If upgrading isn't an option, you can get KSK-2017 added to the Recursor using the Lua interface. You can establish whether the Lua feature is available using the following command:
pdns_recursor --version
The Lua command itself is then as follows:
addDS('.', "20326 8 2 E06D44B80B8F1D39A95C0B0D7C65D08458E880409BBC683457104237C7F8EC8D")
The command can be added to the start-up sequence in the form of a script.
The new key can be added without restarting the resolver (so that the cache is not lost) by using this command:
rec_control add-ta . 20326 8 2 \ E06D44B80B8F1D39A95C0B0D7C65D08458E880409BBC683457104237C7F8EC8D
To ensure that the new trust anchor is still used after any subsequent resolver restart, you would also need to add the Lua script.
Finally, this command can be used to find out what trust anchors the Recursor is currently using:
rec_control get-tas
Windows DNS Server
Microsoft introduced an initial, limited version of DNSSEC as part of Windows Server 2008 (DNS Server) and Windows 7 (includes the DNS client, a stub resolver). According to Martin Vliem, National Security Officer at Microsoft Netherlands, DNS Server is used mainly in 'split DNS' configurations to facilitate Active Directory. For such internal zones, DNSSEC isn't an option, because they are always dynamic.
Vliem says that there are very few old configurations with DNSSEC validation, since validation has to be explicitly enabled on both the server and the client. Furthermore, the initial version of DNS Server supported only SHA-1, meaning that it cannot validate the root zone (signed with SHA-2); it can validate only SHA1-based islands of trust. Another significant consideration is that, for extra security, DNS Server also performs validation itself if the client does not request it.

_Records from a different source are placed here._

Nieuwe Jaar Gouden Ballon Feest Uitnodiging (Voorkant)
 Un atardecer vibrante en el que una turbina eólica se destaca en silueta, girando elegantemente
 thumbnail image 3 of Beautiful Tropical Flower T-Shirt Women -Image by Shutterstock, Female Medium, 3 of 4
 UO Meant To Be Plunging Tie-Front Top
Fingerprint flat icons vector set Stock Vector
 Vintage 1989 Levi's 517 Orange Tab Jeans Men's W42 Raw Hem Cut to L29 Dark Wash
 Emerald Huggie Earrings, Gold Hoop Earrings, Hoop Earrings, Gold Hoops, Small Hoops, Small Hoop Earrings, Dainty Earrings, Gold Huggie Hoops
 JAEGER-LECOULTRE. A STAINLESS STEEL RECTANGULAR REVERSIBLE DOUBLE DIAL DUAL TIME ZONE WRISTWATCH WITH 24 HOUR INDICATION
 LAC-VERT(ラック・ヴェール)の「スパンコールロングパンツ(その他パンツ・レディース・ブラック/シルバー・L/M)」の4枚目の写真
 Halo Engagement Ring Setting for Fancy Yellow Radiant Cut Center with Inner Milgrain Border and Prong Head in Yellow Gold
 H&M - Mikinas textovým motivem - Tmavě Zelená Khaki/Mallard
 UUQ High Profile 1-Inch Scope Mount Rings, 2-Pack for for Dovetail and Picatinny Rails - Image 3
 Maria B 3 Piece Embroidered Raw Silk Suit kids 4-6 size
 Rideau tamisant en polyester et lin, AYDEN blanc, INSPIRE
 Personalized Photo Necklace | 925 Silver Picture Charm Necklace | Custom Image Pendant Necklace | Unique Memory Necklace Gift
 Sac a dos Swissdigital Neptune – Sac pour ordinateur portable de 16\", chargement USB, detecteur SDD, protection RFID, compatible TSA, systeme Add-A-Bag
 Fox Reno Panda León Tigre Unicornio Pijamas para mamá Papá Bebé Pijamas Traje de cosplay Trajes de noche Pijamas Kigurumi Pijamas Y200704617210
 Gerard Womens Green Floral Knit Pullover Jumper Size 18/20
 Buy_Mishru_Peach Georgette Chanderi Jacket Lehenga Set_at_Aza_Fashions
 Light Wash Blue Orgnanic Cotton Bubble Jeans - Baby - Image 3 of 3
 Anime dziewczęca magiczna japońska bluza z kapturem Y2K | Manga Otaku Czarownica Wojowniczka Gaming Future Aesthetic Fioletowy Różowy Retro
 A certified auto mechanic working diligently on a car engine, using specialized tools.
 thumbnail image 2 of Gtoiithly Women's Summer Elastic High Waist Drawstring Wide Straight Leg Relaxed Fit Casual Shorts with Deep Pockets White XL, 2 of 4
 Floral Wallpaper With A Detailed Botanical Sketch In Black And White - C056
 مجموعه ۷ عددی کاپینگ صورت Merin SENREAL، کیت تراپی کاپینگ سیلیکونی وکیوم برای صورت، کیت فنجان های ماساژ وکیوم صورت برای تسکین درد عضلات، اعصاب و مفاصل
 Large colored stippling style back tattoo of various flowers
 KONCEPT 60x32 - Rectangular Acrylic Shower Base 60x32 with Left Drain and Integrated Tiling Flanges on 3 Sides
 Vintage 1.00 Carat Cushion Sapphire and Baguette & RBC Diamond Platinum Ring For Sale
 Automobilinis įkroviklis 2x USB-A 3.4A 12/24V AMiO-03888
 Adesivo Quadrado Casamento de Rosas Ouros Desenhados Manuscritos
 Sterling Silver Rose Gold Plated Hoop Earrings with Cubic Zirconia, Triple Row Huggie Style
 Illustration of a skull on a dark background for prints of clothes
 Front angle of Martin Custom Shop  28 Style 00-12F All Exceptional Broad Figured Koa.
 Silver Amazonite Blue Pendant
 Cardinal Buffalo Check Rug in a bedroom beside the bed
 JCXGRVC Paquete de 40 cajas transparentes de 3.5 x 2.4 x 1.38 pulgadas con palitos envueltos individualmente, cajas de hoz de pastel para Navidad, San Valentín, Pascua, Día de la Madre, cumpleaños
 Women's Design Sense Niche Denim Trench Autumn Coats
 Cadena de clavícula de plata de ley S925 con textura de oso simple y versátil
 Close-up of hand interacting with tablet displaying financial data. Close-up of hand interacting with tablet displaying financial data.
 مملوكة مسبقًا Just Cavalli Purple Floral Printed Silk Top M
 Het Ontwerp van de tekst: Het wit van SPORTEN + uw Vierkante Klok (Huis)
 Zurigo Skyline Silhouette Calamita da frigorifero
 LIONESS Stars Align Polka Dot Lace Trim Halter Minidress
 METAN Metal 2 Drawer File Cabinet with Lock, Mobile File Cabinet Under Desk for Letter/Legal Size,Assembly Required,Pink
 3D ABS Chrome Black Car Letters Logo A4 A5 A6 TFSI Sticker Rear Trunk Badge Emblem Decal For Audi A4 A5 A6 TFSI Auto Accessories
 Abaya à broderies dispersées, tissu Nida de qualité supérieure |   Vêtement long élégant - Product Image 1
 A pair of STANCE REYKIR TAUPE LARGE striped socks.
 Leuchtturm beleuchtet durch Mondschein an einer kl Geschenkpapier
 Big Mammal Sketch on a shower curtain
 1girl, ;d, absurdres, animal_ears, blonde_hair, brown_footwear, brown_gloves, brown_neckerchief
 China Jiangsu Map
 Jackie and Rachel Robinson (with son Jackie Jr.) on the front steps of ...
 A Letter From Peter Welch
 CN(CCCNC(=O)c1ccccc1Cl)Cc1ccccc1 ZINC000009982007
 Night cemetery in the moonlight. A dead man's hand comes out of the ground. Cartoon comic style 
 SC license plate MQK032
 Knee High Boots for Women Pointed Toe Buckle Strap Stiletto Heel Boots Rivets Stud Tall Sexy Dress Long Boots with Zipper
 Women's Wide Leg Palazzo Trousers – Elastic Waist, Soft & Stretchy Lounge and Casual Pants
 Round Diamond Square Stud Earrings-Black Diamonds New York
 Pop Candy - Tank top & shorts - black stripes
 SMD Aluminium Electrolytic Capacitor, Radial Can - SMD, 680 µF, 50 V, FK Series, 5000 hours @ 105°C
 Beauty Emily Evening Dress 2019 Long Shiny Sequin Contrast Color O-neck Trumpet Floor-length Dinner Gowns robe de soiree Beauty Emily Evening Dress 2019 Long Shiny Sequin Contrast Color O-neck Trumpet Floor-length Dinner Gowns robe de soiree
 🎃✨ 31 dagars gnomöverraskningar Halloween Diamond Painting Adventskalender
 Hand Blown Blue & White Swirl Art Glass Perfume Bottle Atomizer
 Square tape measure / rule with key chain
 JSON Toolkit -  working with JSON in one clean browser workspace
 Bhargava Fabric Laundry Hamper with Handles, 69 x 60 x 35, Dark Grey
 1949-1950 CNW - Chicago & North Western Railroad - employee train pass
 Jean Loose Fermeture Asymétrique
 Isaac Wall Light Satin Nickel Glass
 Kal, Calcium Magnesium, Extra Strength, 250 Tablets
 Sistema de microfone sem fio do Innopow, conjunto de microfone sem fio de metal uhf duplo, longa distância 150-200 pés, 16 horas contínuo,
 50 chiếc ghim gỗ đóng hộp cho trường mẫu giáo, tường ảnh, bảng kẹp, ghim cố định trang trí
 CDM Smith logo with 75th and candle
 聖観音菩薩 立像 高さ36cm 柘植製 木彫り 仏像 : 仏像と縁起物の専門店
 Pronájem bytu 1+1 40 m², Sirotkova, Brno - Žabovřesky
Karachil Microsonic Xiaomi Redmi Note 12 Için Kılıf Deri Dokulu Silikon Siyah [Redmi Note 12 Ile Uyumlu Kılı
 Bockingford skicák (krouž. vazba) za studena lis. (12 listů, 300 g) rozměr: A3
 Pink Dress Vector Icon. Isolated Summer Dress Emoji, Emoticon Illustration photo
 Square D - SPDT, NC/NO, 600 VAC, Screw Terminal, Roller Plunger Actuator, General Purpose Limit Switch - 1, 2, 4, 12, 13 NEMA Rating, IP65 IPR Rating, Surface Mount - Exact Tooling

From Windows Server 2012, DNS Server features a complete DNSSEC implementation, including support for RFC 5011. Therefore only operators of older systems need to check whether their servers perform DNSSEC validation. If so, the new KSK-2017 will need to be added to the system manually as a trust anchor. That involves adding a DNSKEY record to the file %windir%\System32\DNS\TrustAnchors.dns using the DNS Manager or the Dnscmd.exe tool. Trust anchors installed on a domain controller are saved in the forest directory partition of the Active Directory Domain Services (AD DS) and are automatically distributed to all domain controllers in the forest.
Installations may differ in practice
The information presented above about the various resolver software packages and their configurations is intended merely to explain the basic situation. In practice, an installation may differ considerably from those described, e.g. if the maintainer of an OS distribution has added KSK-2017 to their package as a trust anchor. There is also the possibility of an installation running a new version of the resolver software, but with an outdated configuration. In that case, the best approach is to upgrade the configuration to the current software version.
Automatic installation of the new trust anchor on the basis of RFC 5011 will be considered in a follow-up article, as will testing to verify that everything is working properly.